The scientists have utilised a zinc-air battery in which oxygen reduction generates H2O2. “Zinc is an abundant and historically-used element … it is very cheap and abundant in India,” says Aninda J Bhattacharyya, Professor in the Interdisciplinary Centre for Energy Research (ICER) and Solid State and Structural Chemistry Unit (SSCU), and corresponding author of the study published in Small Methods.

A metal-air battery has a metal like zinc as the anode (negative electrode) and ambient air as the cathode (positive electrode). When the battery discharges – releases energy – oxygen from ambient air gets reduced at the cathode, producing H2O2.

The electrochemical reduction of oxygen proceeds through two ways, one of which forms H2O2. “The strategy here is to control the extent of the oxygen reduction reaction. If you don’t control it at some level, it will just go and form water,” explains Bhattacharyya.
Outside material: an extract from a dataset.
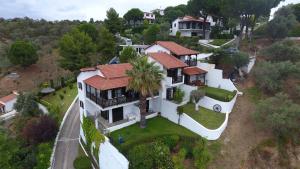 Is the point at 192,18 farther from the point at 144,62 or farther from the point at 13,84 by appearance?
the point at 13,84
This control can be achieved using specific catalysts. “We are using a metal-free catalyst based on carbon,” says Asutosh Behera, first author and PhD student at SSCU. These inexpensive catalysts usually drive the reaction along the route that forms water where the selectivity towards H2O2 is less. However, incorporating certain chemical modifications in these catalysts, like adding oxygen functional groups, directs the reaction selectivity towards the production of H2O2.

Bhattacharyya explains that using a battery to directly produce H2O2 is a novel approach. “You don’t have to do other things. You have a battery, and you run it. We have curtailed the voltage such that it is only producing H2O2.”